• [TRY IT] Pictures aside, return all of the records exactly as they stand.

• [DATASET RECORDS]
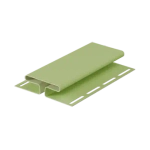 H-профиль 13 мм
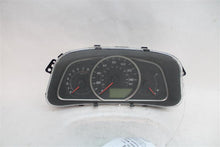 Load image into Gallery viewer, SPEEDOMETER CLUSTER Toyota Rav4 2013 13 2014 14 2015 15 - 1335305
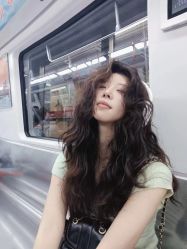-AFA Hair studio·女士发型设计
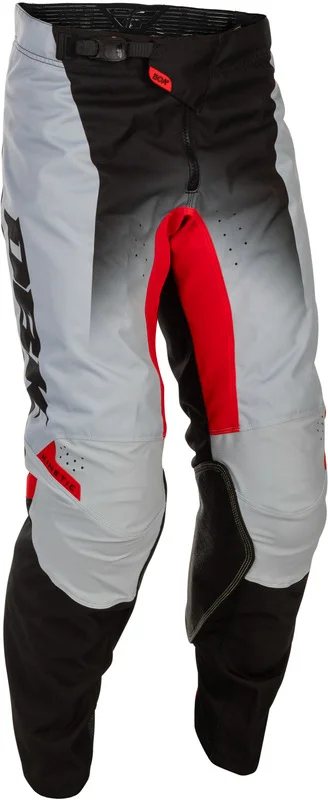 fc-moto-120260710192840670895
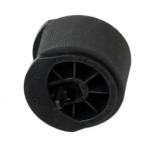 Lexmark T520 Pickup roller 99A0076* (For use) (LEXMARKT520ROLL)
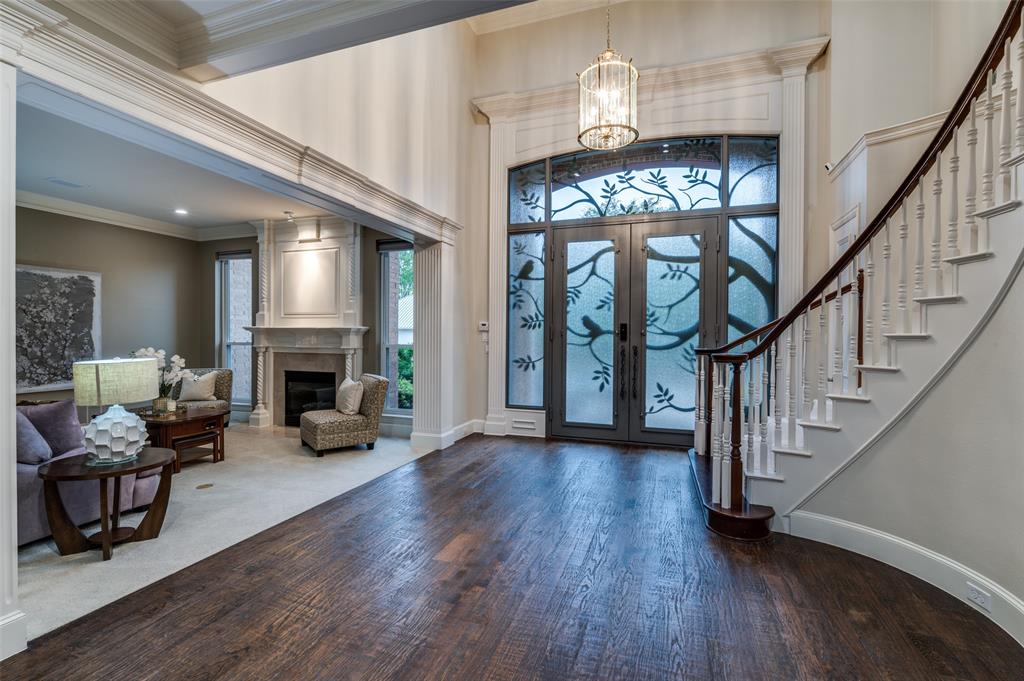 2 Innisbrook Court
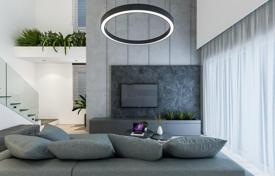 3 dormitorio casa de pueblo 107 m² en Nikiti, Grecia. 280 000 €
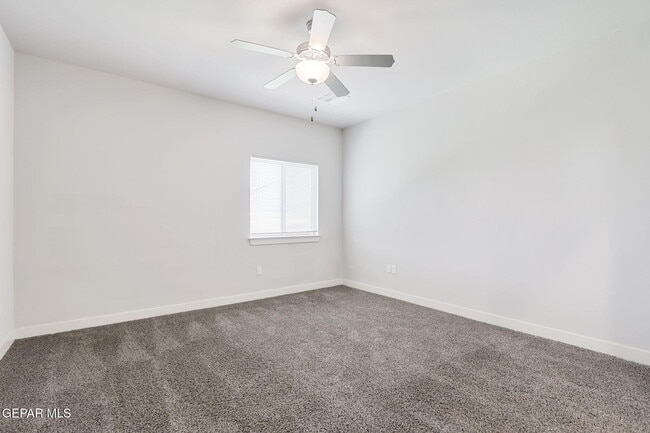 Building Photo - 14813 Tierra Fortaleza Ave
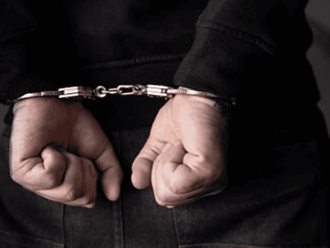 Dictan prisión preventiva a director de Obras de Tequila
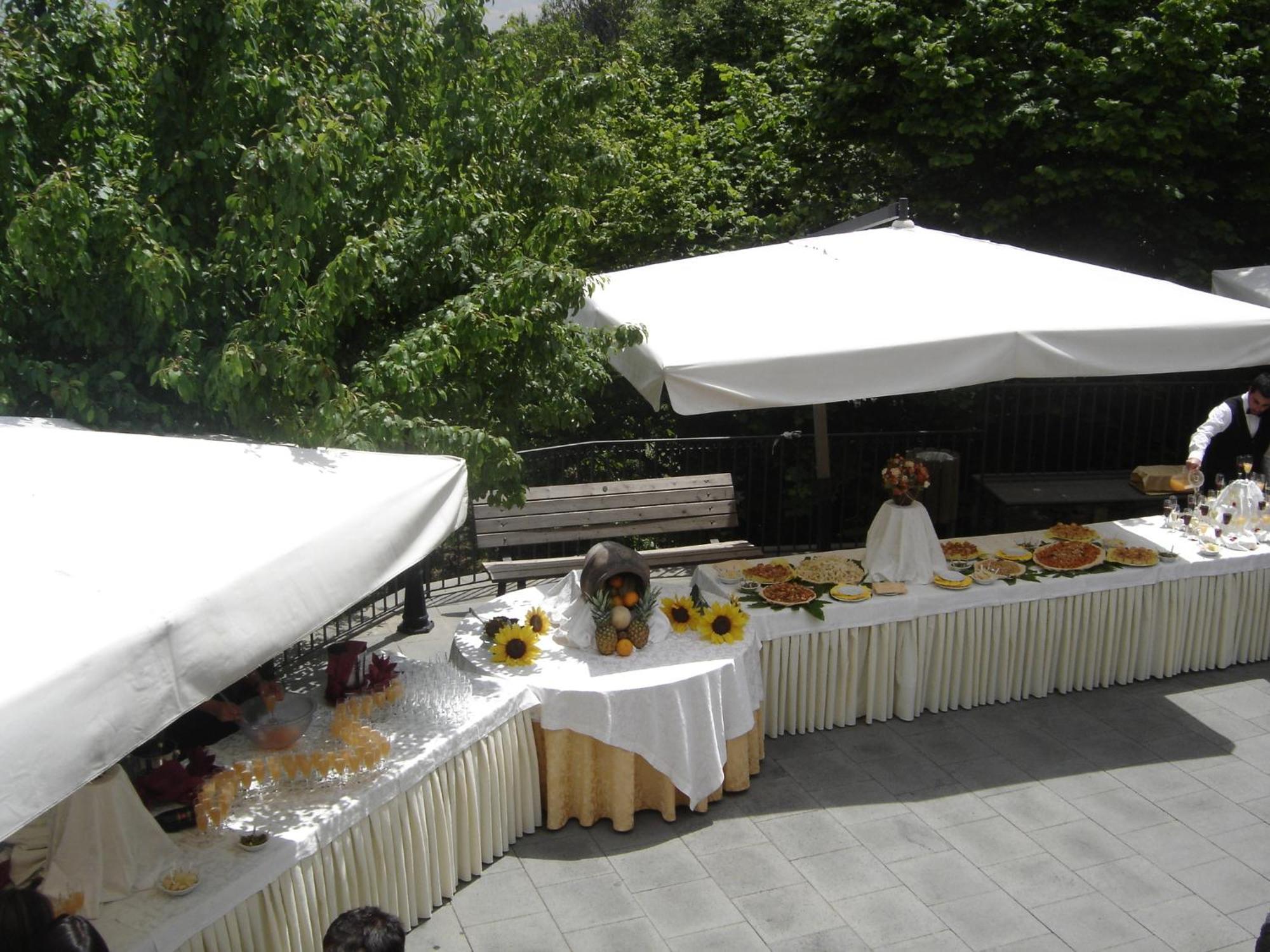 Ai Vecchi Crateri Guest House SantʼAlfio Exterior foto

• [ANSWER]
 H-профиль 13 мм
 Load image into Gallery viewer, SPEEDOMETER CLUSTER Toyota Rav4 2013 13 2014 14 2015 15 - 1335305
-AFA Hair studio·女士发型设计
 fc-moto-120260710192840670895
 Lexmark T520 Pickup roller 99A0076* (For use) (LEXMARKT520ROLL)
 2 Innisbrook Court
 3 dormitorio casa de pueblo 107 m² en Nikiti, Grecia. 280 000 €
 Building Photo - 14813 Tierra Fortaleza Ave
 Dictan prisión preventiva a director de Obras de Tequila
 Ai Vecchi Crateri Guest House SantʼAlfio Exterior foto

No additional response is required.